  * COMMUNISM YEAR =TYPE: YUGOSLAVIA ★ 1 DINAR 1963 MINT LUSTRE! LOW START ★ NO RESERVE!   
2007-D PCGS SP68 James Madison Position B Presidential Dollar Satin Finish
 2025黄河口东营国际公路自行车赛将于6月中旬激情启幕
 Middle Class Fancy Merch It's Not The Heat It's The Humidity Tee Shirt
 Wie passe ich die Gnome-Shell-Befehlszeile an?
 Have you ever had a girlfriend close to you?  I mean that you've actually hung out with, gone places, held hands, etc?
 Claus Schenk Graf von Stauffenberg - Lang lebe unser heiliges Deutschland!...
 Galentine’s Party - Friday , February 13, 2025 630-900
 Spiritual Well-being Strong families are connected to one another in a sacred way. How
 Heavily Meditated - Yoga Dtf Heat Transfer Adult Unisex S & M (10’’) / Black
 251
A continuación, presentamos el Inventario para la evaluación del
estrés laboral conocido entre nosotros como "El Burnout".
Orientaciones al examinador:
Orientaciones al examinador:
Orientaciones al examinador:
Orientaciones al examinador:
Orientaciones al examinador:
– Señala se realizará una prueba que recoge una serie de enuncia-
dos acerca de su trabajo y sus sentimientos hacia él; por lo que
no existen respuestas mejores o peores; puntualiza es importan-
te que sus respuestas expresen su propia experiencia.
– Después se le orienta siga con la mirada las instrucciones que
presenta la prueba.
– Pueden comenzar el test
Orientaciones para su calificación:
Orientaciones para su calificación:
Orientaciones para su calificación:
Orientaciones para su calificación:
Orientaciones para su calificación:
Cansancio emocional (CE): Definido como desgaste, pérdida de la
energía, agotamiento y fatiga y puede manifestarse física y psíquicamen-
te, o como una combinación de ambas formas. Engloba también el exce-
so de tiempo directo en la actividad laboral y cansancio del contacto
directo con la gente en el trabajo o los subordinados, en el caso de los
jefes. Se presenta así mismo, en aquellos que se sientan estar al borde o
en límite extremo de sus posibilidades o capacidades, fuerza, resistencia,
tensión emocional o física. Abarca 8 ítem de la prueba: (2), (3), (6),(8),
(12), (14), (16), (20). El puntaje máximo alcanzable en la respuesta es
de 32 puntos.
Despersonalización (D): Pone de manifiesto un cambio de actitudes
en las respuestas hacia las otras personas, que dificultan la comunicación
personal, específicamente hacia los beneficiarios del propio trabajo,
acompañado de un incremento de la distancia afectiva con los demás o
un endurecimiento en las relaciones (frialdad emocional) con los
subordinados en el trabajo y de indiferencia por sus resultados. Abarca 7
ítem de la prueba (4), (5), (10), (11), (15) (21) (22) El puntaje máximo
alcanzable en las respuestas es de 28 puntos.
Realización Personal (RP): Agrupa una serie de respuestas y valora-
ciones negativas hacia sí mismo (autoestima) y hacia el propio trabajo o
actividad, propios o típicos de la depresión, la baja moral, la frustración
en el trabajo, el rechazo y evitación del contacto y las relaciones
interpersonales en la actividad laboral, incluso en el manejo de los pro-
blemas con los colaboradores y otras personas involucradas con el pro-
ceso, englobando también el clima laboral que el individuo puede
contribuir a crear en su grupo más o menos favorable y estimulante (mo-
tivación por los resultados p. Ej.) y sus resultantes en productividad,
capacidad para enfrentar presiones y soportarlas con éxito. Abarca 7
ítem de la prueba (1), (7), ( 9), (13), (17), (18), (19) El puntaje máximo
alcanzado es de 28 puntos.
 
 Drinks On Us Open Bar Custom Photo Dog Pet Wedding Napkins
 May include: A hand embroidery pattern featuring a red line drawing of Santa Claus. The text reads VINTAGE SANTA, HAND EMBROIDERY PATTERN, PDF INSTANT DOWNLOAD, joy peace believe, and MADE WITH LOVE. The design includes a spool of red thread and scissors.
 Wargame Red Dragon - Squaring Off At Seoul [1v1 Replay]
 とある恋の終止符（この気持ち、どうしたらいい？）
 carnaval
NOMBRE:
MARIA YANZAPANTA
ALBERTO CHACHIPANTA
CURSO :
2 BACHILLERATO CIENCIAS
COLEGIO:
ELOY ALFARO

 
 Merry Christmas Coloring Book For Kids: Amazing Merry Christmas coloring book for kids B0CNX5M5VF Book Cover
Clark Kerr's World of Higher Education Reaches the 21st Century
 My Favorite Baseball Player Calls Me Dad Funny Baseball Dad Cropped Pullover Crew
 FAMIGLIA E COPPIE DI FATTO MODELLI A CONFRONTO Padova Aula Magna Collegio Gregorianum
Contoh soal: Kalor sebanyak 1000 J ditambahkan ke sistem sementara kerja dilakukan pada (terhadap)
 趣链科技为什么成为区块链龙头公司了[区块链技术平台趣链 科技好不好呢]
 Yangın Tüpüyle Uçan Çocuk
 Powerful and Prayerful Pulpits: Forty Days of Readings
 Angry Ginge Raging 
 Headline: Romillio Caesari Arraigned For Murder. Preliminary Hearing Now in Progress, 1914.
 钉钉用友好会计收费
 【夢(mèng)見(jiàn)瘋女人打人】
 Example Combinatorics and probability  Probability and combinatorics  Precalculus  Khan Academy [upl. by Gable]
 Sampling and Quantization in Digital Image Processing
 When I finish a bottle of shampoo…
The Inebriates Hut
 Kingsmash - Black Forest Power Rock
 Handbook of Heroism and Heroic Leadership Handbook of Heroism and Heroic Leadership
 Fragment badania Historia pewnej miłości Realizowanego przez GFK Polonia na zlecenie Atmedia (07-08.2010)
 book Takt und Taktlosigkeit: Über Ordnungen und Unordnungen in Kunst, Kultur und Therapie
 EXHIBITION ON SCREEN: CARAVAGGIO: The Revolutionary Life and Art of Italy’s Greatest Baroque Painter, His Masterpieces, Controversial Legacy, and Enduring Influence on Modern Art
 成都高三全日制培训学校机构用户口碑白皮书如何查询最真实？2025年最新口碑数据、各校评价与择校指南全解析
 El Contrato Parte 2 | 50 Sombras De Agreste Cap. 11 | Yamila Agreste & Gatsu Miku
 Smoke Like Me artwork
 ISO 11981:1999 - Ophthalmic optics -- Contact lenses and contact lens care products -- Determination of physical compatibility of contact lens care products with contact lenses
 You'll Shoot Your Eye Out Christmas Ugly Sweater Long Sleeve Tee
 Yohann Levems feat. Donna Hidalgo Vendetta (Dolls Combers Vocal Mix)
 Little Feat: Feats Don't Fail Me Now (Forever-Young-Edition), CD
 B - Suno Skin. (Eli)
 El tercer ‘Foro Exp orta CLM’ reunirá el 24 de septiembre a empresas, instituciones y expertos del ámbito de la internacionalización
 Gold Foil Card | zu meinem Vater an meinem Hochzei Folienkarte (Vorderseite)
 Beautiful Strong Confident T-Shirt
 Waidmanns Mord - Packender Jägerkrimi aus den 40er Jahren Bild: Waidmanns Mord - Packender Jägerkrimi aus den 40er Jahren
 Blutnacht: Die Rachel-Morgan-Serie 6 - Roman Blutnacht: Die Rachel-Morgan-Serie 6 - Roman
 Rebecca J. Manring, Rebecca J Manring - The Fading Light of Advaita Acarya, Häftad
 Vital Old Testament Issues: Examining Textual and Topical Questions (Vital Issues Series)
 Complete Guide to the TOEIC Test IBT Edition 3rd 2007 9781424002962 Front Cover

● **Exercise**: Everything above from the line containing "MARIA YANZAPANTA" down to the line containing "Contoh soal: Kalor" should be copied exactly, both end lines included, and nothing else.

● **Problem solution**:
MARIA YANZAPANTA
ALBERTO CHACHIPANTA
CURSO :
2 BACHILLERATO CIENCIAS
COLEGIO:
ELOY ALFARO

 
 Merry Christmas Coloring Book For Kids: Amazing Merry Christmas coloring book for kids B0CNX5M5VF Book Cover
Clark Kerr's World of Higher Education Reaches the 21st Century
 My Favorite Baseball Player Calls Me Dad Funny Baseball Dad Cropped Pullover Crew
 FAMIGLIA E COPPIE DI FATTO MODELLI A CONFRONTO Padova Aula Magna Collegio Gregorianum
Contoh soal: Kalor sebanyak 1000 J ditambahkan ke sistem sementara kerja dilakukan pada (terhadap)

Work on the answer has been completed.